Fairmont, W.Va. – Last week, Pierpont Community & Technical College hosted its annual Maker Camp, the five-day summer camp designed to introduce local students to the world of STEAM (Science, Technology, Engineering, Arts, and Mathematics) and entrepreneurship.

Students between the ages of 12 and 16 embarked on various projects, including 3-D printing, field trips to local businesses, and creating a model of the human hand, which all led to the final task of creating, programming, and designing Lego robots.

“We wanted our students to learn that robotics is becoming more prevalent in many careers, and they can be fun to work with,” said Glenna Pirner, director of the Maker Camp. “The idea was to familiarize students with the basic concepts of robotics and what careers utilize them in North Central West Virginia.”

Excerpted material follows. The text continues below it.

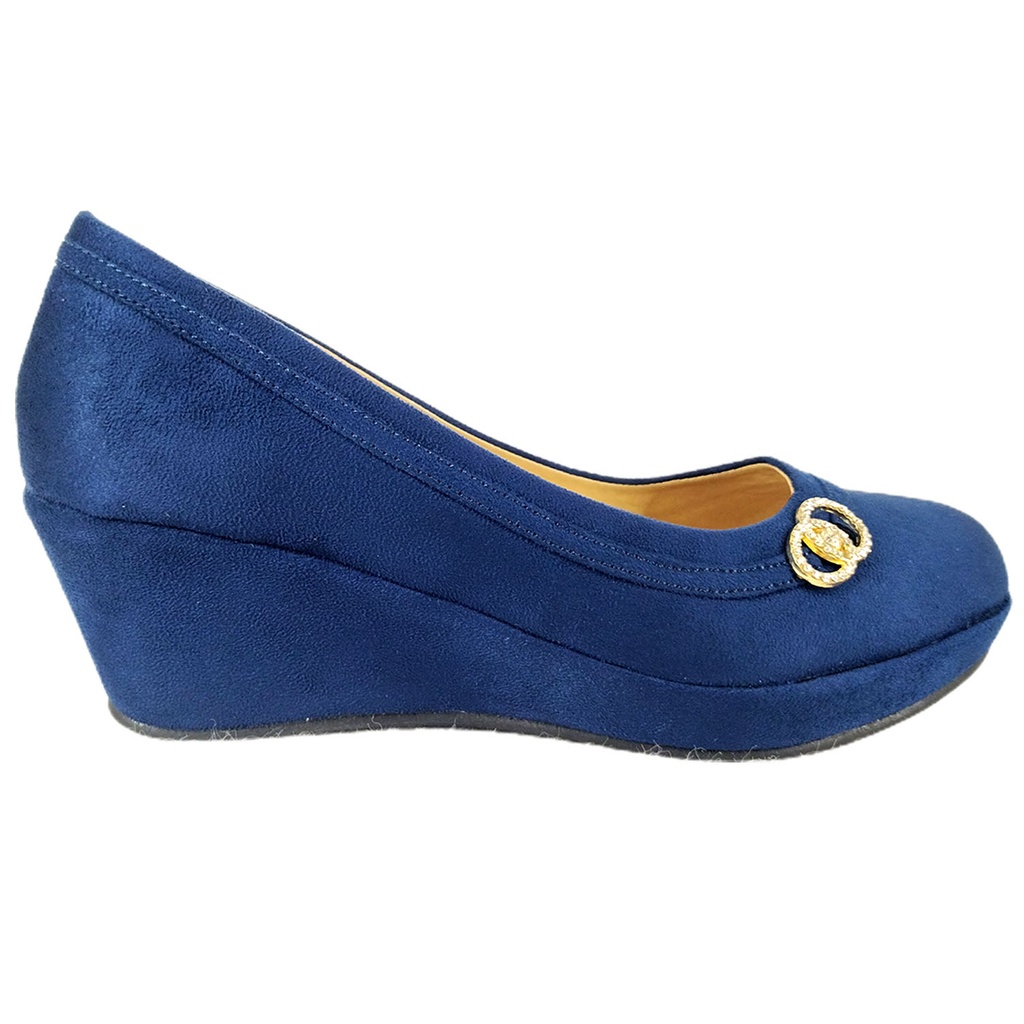 Zapatos de Mujer 8122-8 Azul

To get an idea of the career opportunities in STEAM, the students took a field trip to local businesses, including Stockmeier Urethane and Aurora Flight Sciences. Students got to see how raw materials come in, quality assurance testing, a research and development lab, and robots drilling holes for pieces of an airplane.

On the final day of camp, students showed off their hard work at a completion ceremony attended by friends and family. Students were given awards for their creativity, determination, and perseverance while doing demonstrations of their robots and 3-D designs.

The first project was to create a robot that could use Scratch coding to follow a tape maze with multiple bends and turns. The students utilized many calculation methods to “teach” the robots where and when to turn to complete the maze. Some groups coded the robots to turn based on distance, while others on angles. The final group, awarded “Best Creativity,” programmed its robot to follow the specific color of the maze to reach the end.  

The students’ final project was to build custom Lego robots that could be programmed using coding and motors. Groups created a fan powered by self-designed engines, a claw arm that works remotely, a dinosaur, and a tank that climbs objects via a tread system.

“Students were given freedom in form and function of their final project design,” said Pirner. “We wanted our students to think outside the box, and pretty much everyone had to troubleshoot their robots in one way or another, which meant coming up with different ways to reach their goal. For instance, the team that built the fan had to think about the gear sizes and how to stabilize a top-heavy design.”

To close the week, Pirner gave students their certificates of completion and complemented each student for their hard work and dedication, stating, “You are the best group of students I have ever worked with.”